RECORDED DATA =>
== Segment start ==
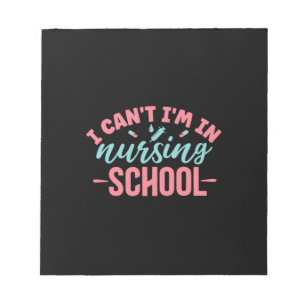 Nurse Gift I Am In Nursing School Notepad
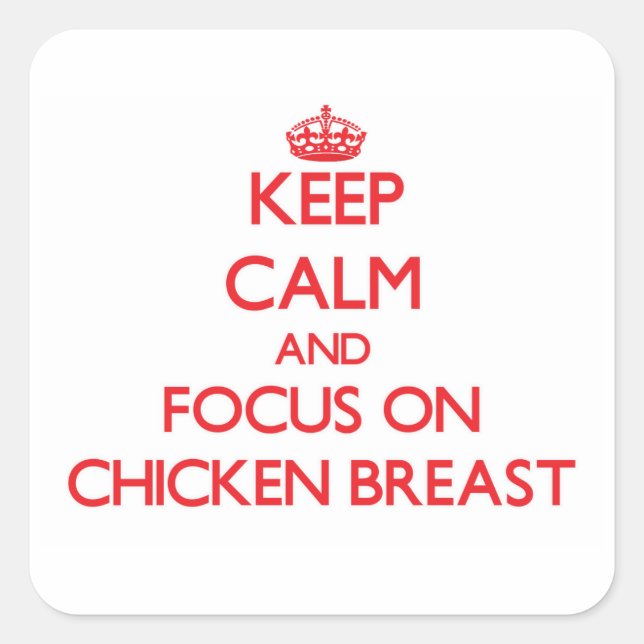 Keep Calm and focus on Chicken Breast Square Sticker (Front)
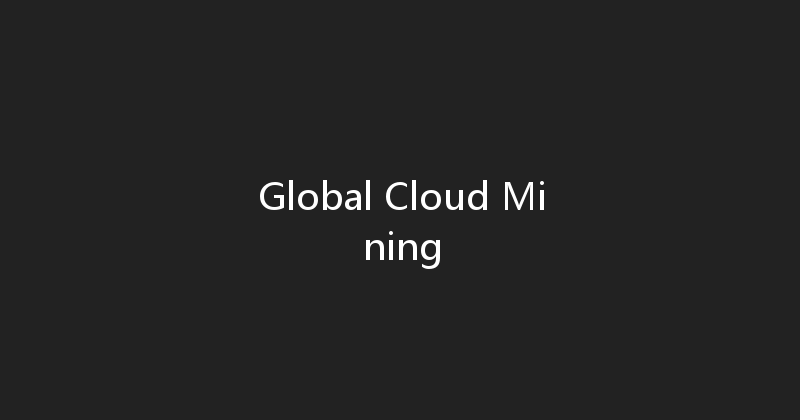 Global Cloud Mining 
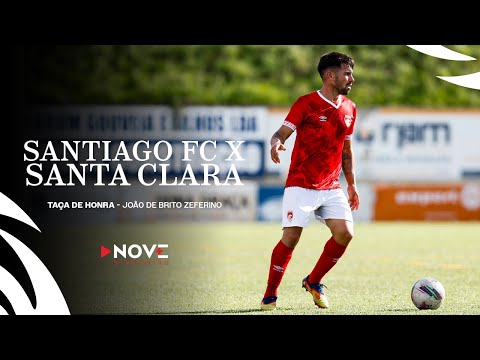 Taça de Honra - João de Brito Zeferino    Santiago FC vs CD Santa Clara B
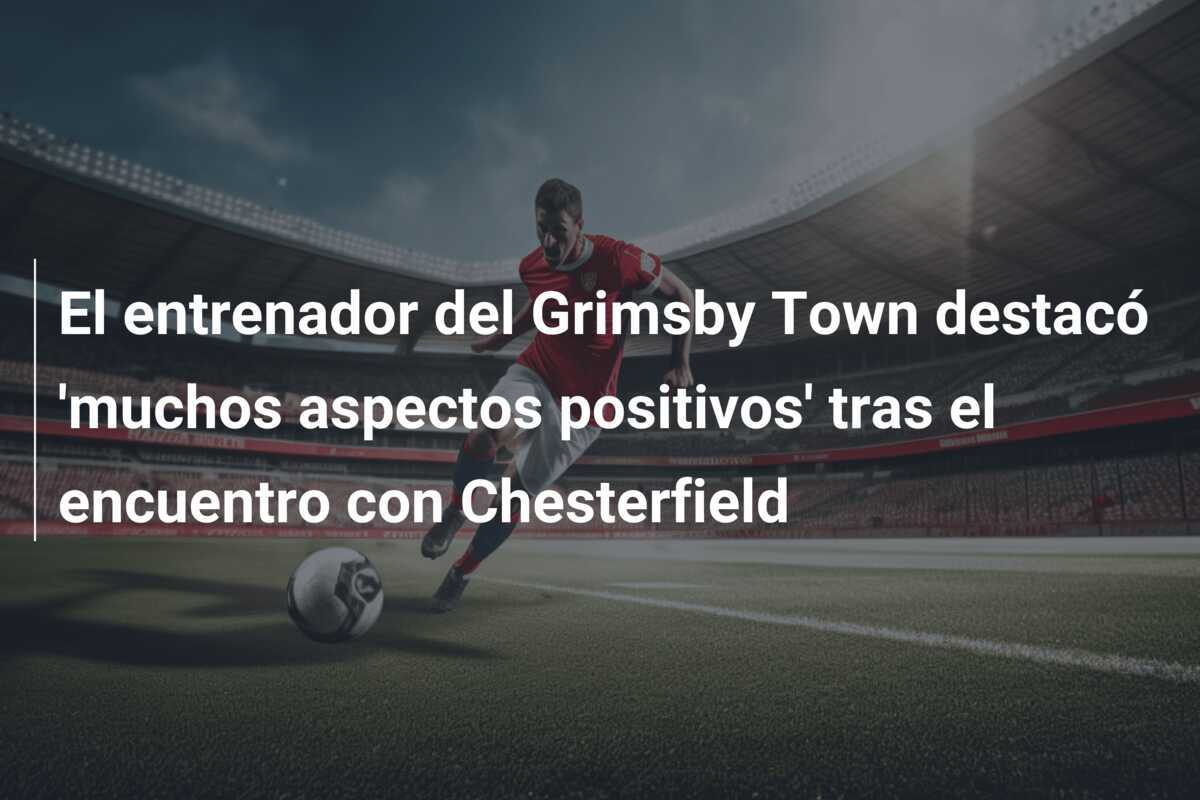 El entrenador del Grimsby Town destacó 'muchos aspectos positivos' tras el encuentro con Chesterfield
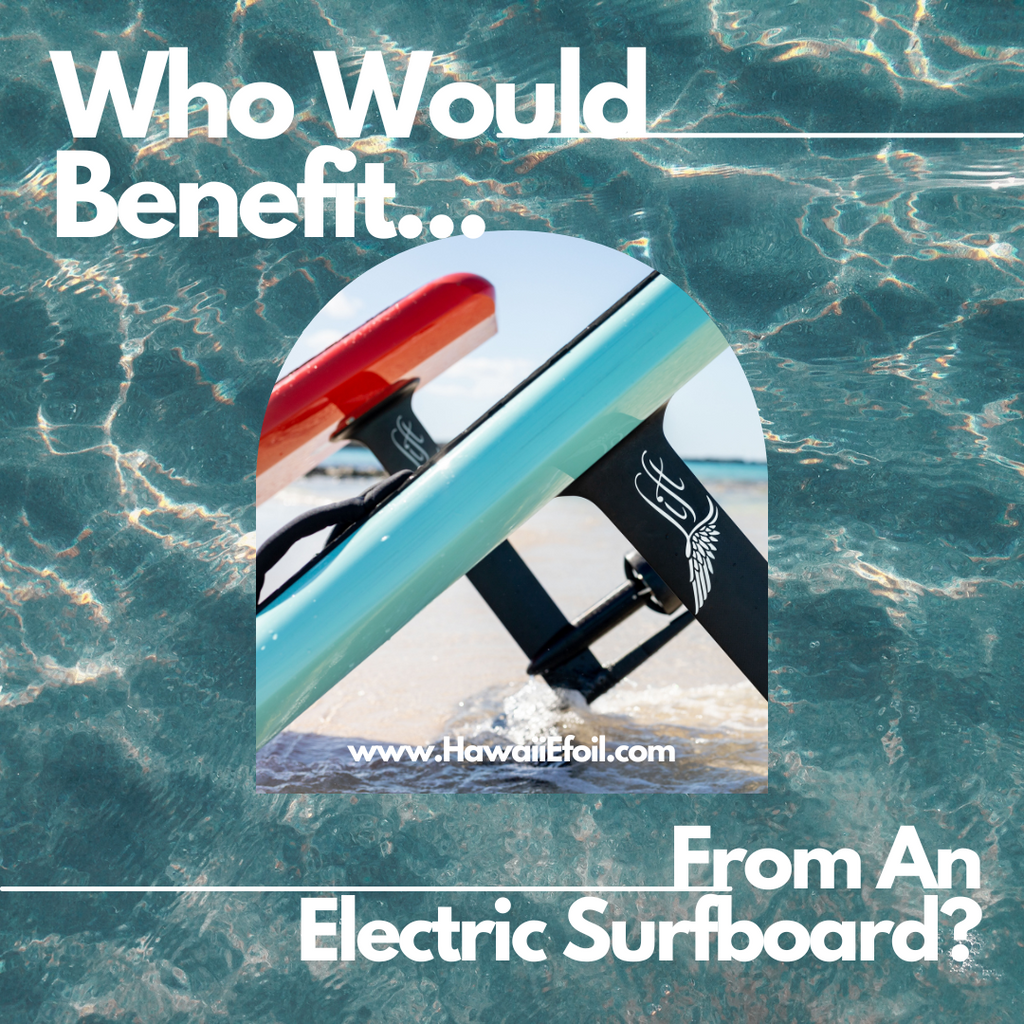 Who Would Benefit from an Electric Surfboard?
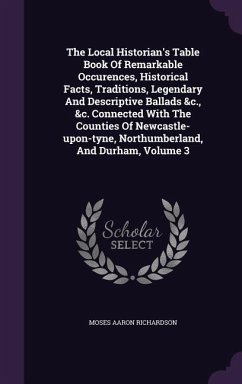 The Local Historian's Table Book Of Remarkable Occurences, Historical Facts, Traditions, Legendary And Descriptive Ballads &c., &c. Connected With The - Richardson, Moses Aaron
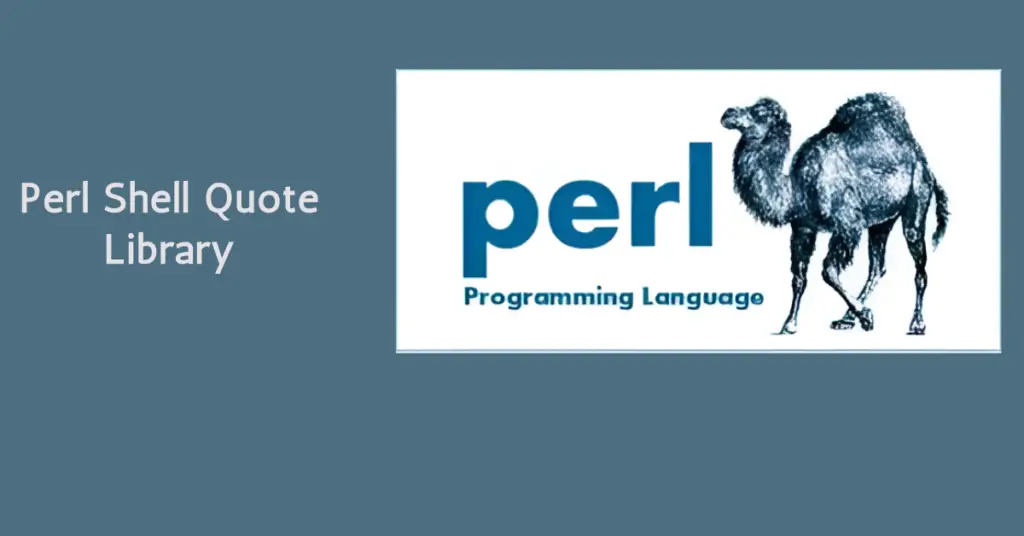 Perl Shell Quote Library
== Segment end ==
EXERCISE DIRECTIONS => In the data above, find the line containing "Global Cloud Mining" and the line containing "Who Would Benefit". Copy exactly the stretch from the first through the second, both included, leaving out any picture.

OUTPUT FOR THIS TASK =>
 Global Cloud Mining 
 Taça de Honra - João de Brito Zeferino    Santiago FC vs CD Santa Clara B
 El entrenador del Grimsby Town destacó 'muchos aspectos positivos' tras el encuentro con Chesterfield
 Who Would Benefit from an Electric Surfboard?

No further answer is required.